#### [ASSIGNMENT]
Look through the entries below for the line with "map of restaurants, bars, coffee" and the line with "Stella McCartney Brown", then give again exactly those two lines and all lines between them, minus the pictures.

Short descriptive text snippets:
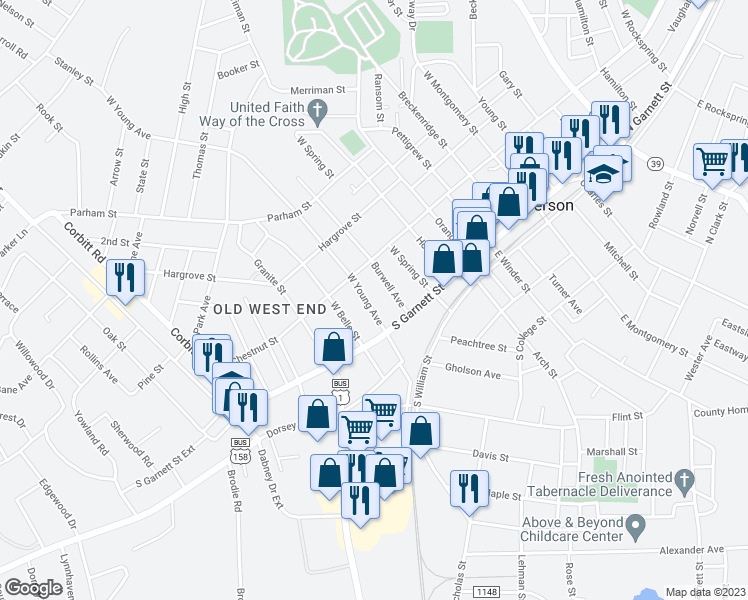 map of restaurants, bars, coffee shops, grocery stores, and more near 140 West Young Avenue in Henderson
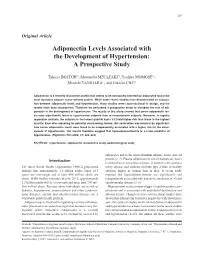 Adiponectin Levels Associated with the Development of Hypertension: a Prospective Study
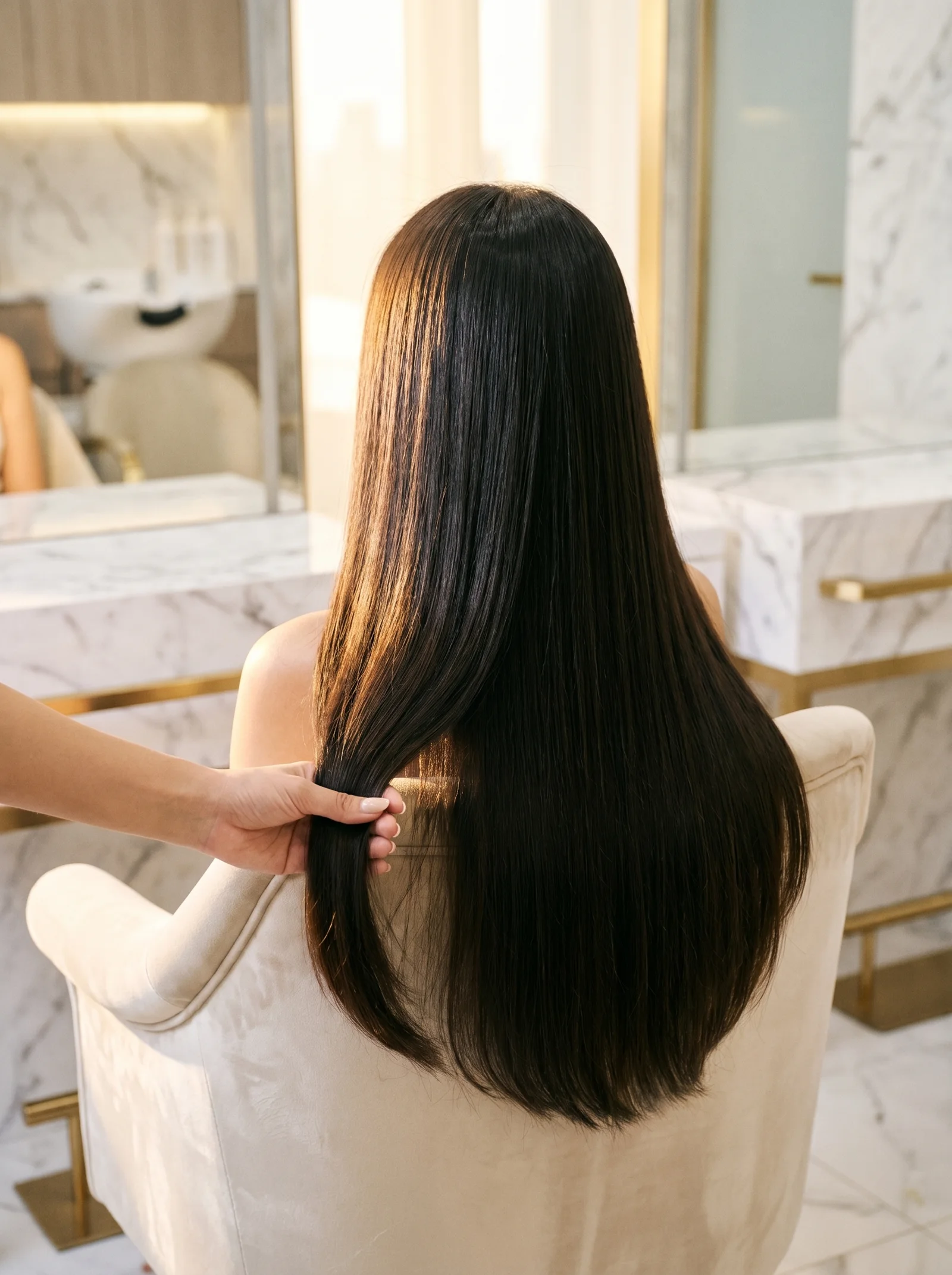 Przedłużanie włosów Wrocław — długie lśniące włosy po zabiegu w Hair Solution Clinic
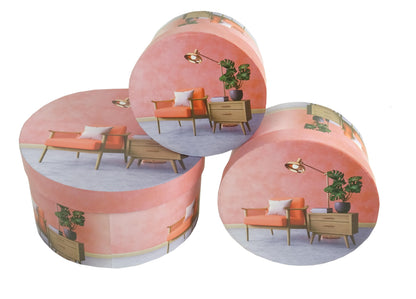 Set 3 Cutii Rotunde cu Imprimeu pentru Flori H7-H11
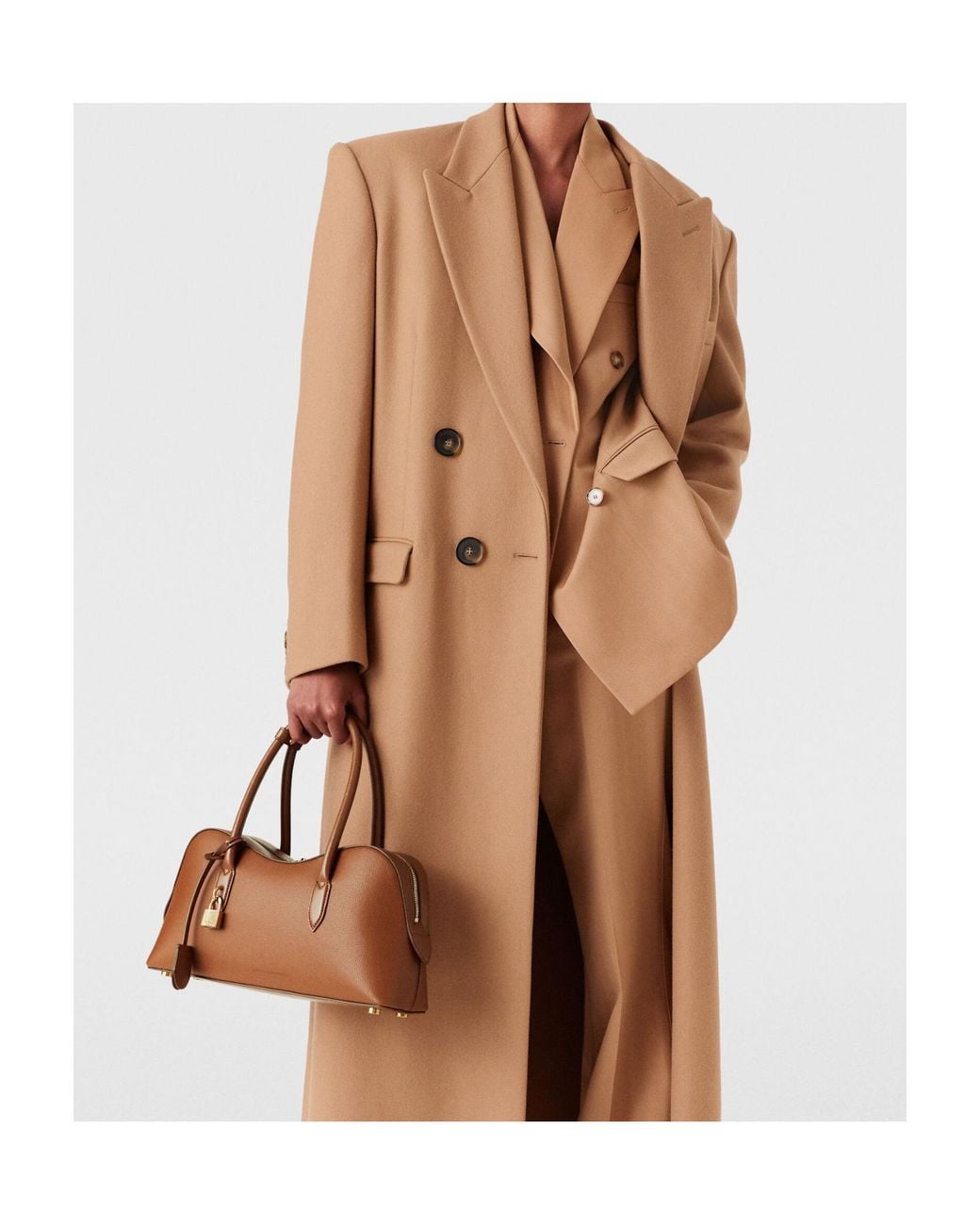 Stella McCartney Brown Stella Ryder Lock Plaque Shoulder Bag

...

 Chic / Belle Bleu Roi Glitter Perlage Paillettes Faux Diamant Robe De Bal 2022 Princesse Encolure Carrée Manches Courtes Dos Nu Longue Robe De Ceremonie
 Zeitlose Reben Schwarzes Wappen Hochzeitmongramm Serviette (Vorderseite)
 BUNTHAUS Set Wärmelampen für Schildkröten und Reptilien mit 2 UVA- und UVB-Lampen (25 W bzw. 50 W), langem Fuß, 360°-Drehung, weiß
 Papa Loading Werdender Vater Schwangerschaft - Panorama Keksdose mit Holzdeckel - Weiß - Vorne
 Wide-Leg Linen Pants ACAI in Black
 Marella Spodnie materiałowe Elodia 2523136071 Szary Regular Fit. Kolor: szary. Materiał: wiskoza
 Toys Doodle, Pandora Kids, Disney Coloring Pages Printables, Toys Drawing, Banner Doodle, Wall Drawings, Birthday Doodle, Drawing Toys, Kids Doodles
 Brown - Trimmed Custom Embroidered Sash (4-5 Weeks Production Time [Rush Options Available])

---

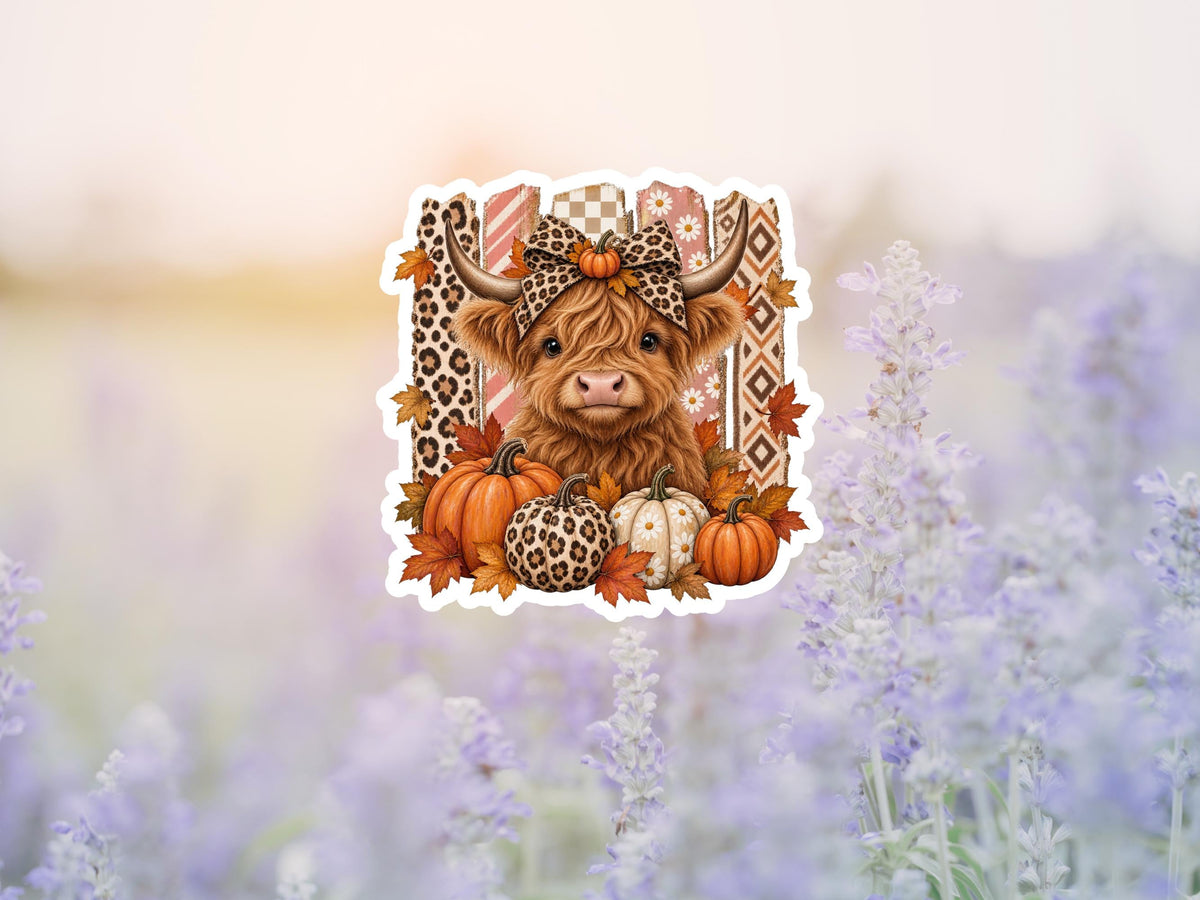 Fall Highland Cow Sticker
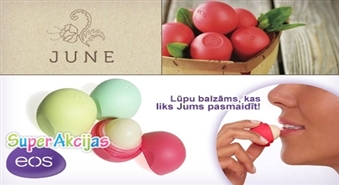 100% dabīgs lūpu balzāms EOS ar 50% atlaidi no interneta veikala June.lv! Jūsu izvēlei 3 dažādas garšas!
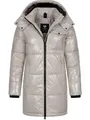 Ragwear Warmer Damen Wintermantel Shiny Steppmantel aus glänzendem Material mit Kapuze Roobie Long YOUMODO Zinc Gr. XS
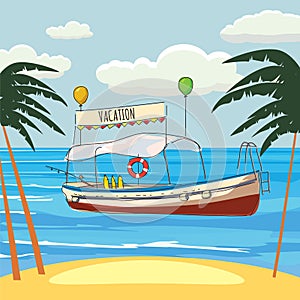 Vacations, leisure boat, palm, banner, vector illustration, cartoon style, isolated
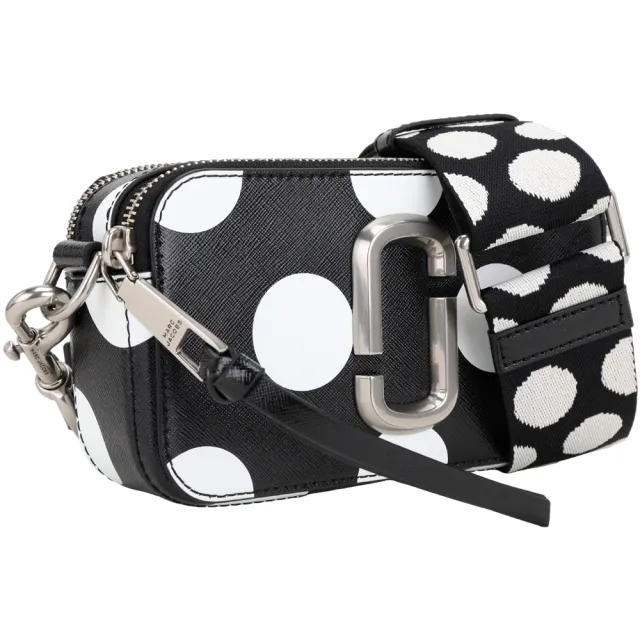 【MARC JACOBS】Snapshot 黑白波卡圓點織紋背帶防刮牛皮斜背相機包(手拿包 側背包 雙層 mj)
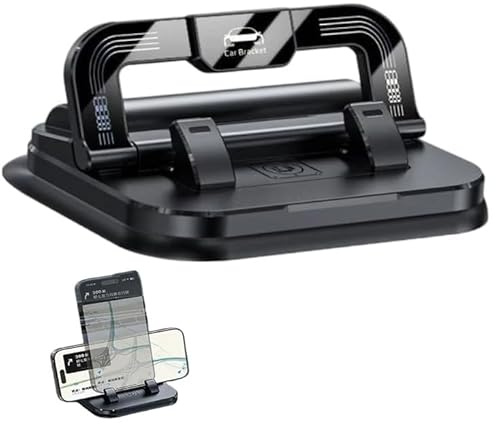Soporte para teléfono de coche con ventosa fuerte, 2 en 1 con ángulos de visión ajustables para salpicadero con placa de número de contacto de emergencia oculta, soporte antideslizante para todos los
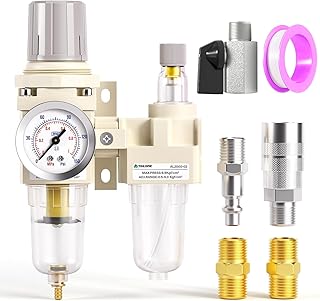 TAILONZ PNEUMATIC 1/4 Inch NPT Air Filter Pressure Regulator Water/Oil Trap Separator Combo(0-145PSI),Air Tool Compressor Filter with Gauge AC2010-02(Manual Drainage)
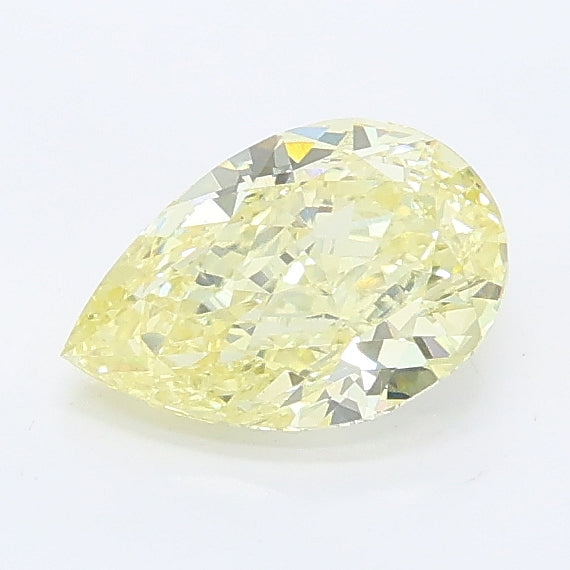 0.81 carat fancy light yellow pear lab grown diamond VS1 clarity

#### [RESULT FOR THIS EXERCISE]
 map of restaurants, bars, coffee shops, grocery stores, and more near 140 West Young Avenue in Henderson
 Adiponectin Levels Associated with the Development of Hypertension: a Prospective Study
 Przedłużanie włosów Wrocław — długie lśniące włosy po zabiegu w Hair Solution Clinic
 Set 3 Cutii Rotunde cu Imprimeu pentru Flori H7-H11
 Stella McCartney Brown Stella Ryder Lock Plaque Shoulder Bag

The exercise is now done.